La scène sociale française est, une fois de plus, en ébullition. Les appels à la grève et les manifestations se multiplient, portés par des organisations syndicales unies dans une revendication centrale : la fin des politiques d’austérité. Face à un contexte économique et politique tendu, les travailleurs expriment leur colère et leurs attentes, réclamant des mesures concrètes pour améliorer leurs salaires, leurs conditions de travail et la qualité des services publics. Ce mouvement n’est pas isolé ; il s’inscrit dans une contestation plus large des politiques menées ces dernières années, perçues comme sacrifiant le bien-être des citoyens au nom de la rigueur budgétaire.
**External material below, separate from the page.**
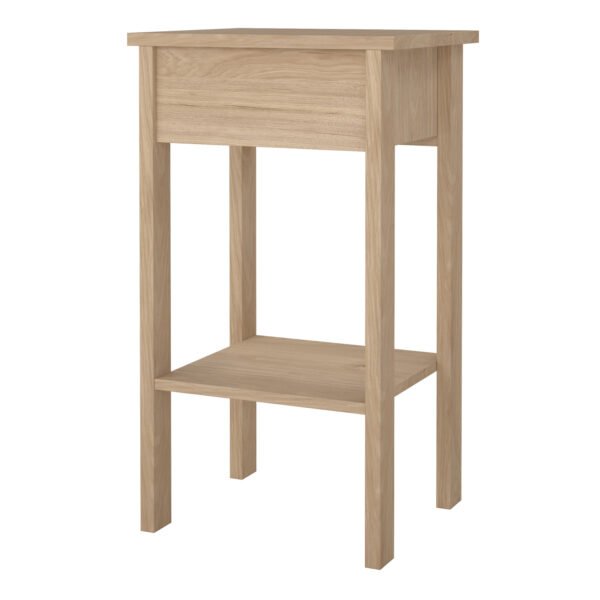 Barcelona Bedside Table with 1 Drawers in Jackson Hickory Oak - Image 6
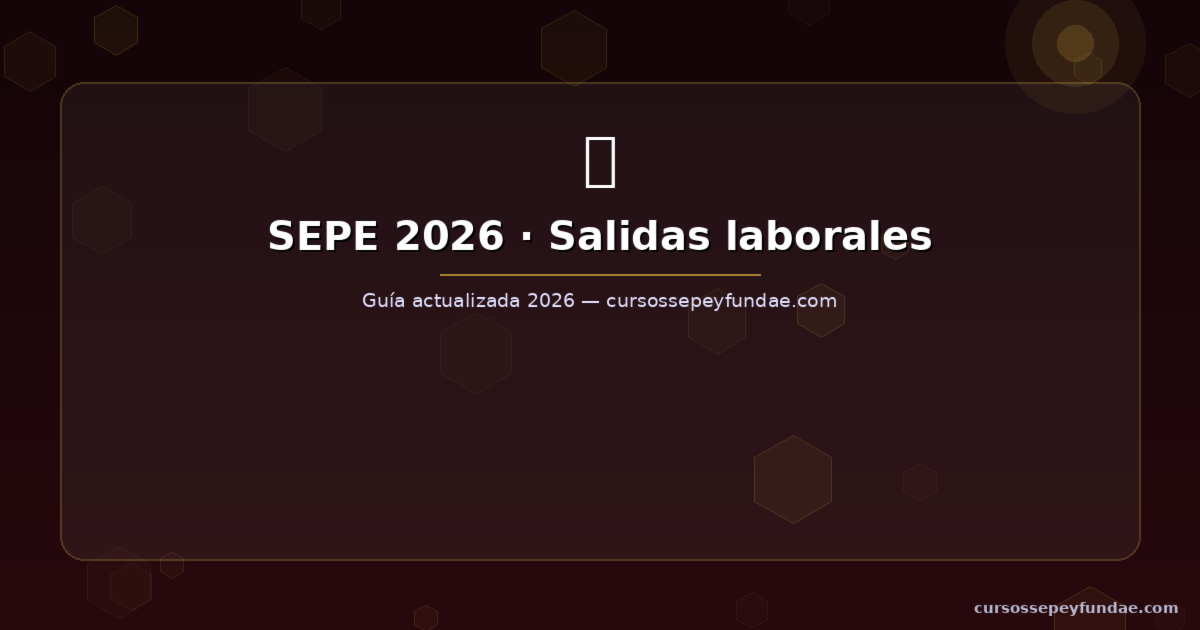 Cursos SEPE en máximas salidas laborales con FUNDAE: formación bonificada para trabajadores 2026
Un Calendrier Social Chargé : Les Mobilisations Récentes et à Venir

L’automne 2025 a été marqué par une intensification des mobilisations sociales en France. L’intersyndicale, regroupant les principales organisations syndicales telles que la CGT, la CFDT, Force Ouvrière (FO) et la FSU, a orchestré plusieurs journées de grèves et de manifestations. On se souvient notamment des journées des 10 et 18 septembre, suivies d’une nouvelle mobilisation interprofessionnelle le 2 octobre. Ces dates ont vu des centaines de milliers de personnes descendre dans les rues à travers le pays, même si la participation a pu varier d’une mobilisation à l’autre.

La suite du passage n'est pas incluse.